Want To Expand Your Twitter Reach?
Twitter can be a very useful tool for small businesses, but building a following can be time-consuming, and many small business owners find Twitter confusing. Writing on Social Media Examiner, Stuart Davidson shows five ways to get going on Twitter (which had 241 million users globally in December 2013), along with lots of sound advice on good practices.
What Ads Americans Aren't Watching
Americans ignore online advertising at more than twice the rate they ignore television ads (82% vs. 37%), according to a recent survey from Goo Technologies. It makes sense, in a way: while TV ads are intrusive and annoying, in many respects they are the best-produced and most entertaining part of what's on television. This is not the case with online ads. More-affluent users are more likely to ignore online ads, while younger users are significantly less resistant. In a blog on Media Post discussing the survey, Jack Loechner noted that, "Overall, the 65+ age group ignored the most, while the 35-44 age group ignored the least." It probably comes as no surprise that the banner ad (a widely despised medium) is one of the most frequently ignored types of online advertising, at 73%.
Local Marketing SEO Myths
My favorite in this collection of mistakes and misunderstandings about search engine optimization for local businesses is the one about microsites. These are basically "dummy" sites that exist only to capture searches for the keywords in their URLs. Old-fashioned SEO firms still sell these to businesses as if they were some kind of magic (they're not). If you're uncertain about search engine optimization for your local business, read this article by Chris Silver Smith on Search Engine Land to get more-accurate information about the opportunities and challenges you face in getting your business seen online.
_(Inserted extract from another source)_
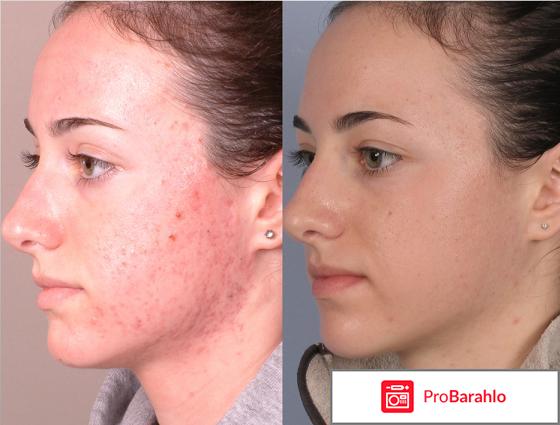 Аверсектиновая мазь от демодекоза у людей отзывы обман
Restaurant Menus Now Available on Google Search
Good news for restaurant owners: Google's test of adding restaurant menus to its search results has taken a major step forward, at least in the U.S. Explaining the change in a blog on Search Engine land, Matt McGee pointed out that while Google is showing restaurant menus as a OneBox-style answer at the top of its search results, "There's actually more that we don't know about the menus than we do." For example, where is Google getting the menu information? How does a restaurant operator update the menu Google posted? What if a restaurant doesn't want its menu posted? Google's response to McGee was that the data comes from a third party, so far unnamed. A statement from Google said, "We get all of our menu data from a partner, similarly to how we show other types of answers, like weather. As our data comes from a 3rd-party provider, we cannot add menus for individual restaurants directly, but we are constantly working to expand our database of menus and restaurants." Restaurant owners should keep an eye on this new service to correct errors or misinformation about their businesses, and to stay current with the service as it develops.